--- WHAT YOU WILL DO ---
Beginning with the line containing "Mrs. GREEN APPLE【クレア先生】歌枠切り抜き" and going on through the line containing "а пвп мука Беломорск", the lines below are to be returned exactly, pictures excluded and nothing added.

--- INPUT RECORDS ---
________________________________________

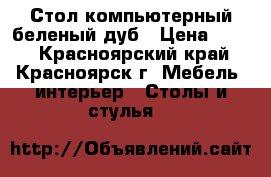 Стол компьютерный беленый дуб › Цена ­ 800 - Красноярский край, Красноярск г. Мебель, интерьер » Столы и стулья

________________________________________

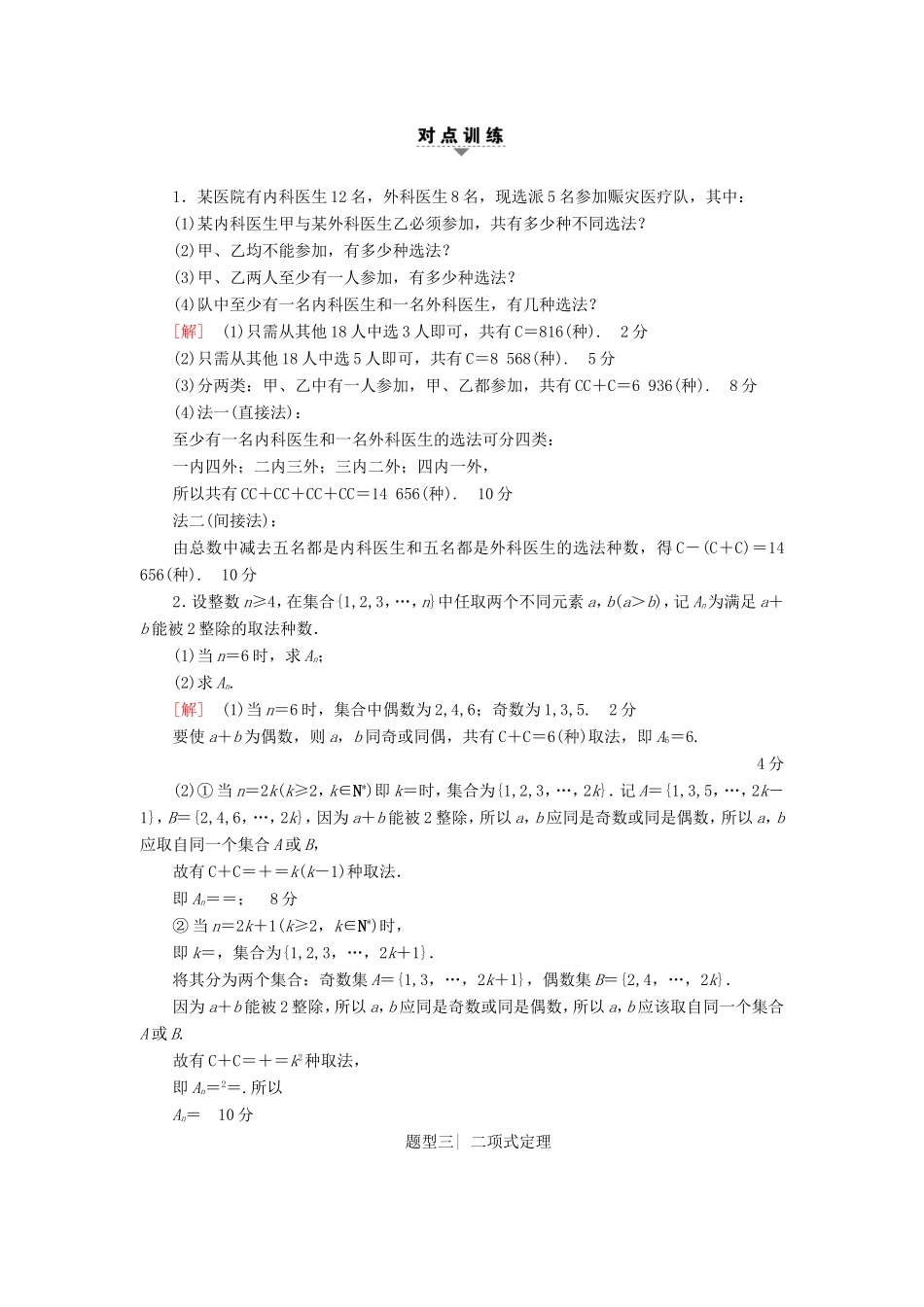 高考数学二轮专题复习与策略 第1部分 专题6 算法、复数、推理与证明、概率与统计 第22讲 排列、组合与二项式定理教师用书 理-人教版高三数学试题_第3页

________________________________________

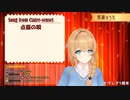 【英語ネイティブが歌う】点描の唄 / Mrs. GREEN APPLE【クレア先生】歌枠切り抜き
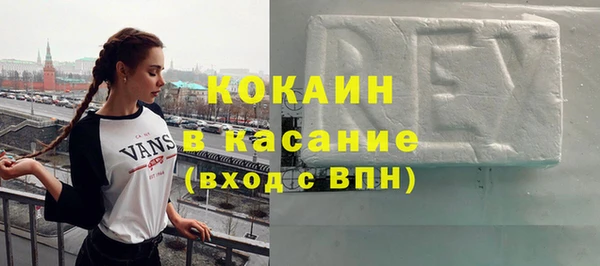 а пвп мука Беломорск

________________________________________

--- RESULT OF THE EXERCISE ---
 【英語ネイティブが歌う】点描の唄 / Mrs. GREEN APPLE【クレア先生】歌枠切り抜き
 а пвп мука Беломорск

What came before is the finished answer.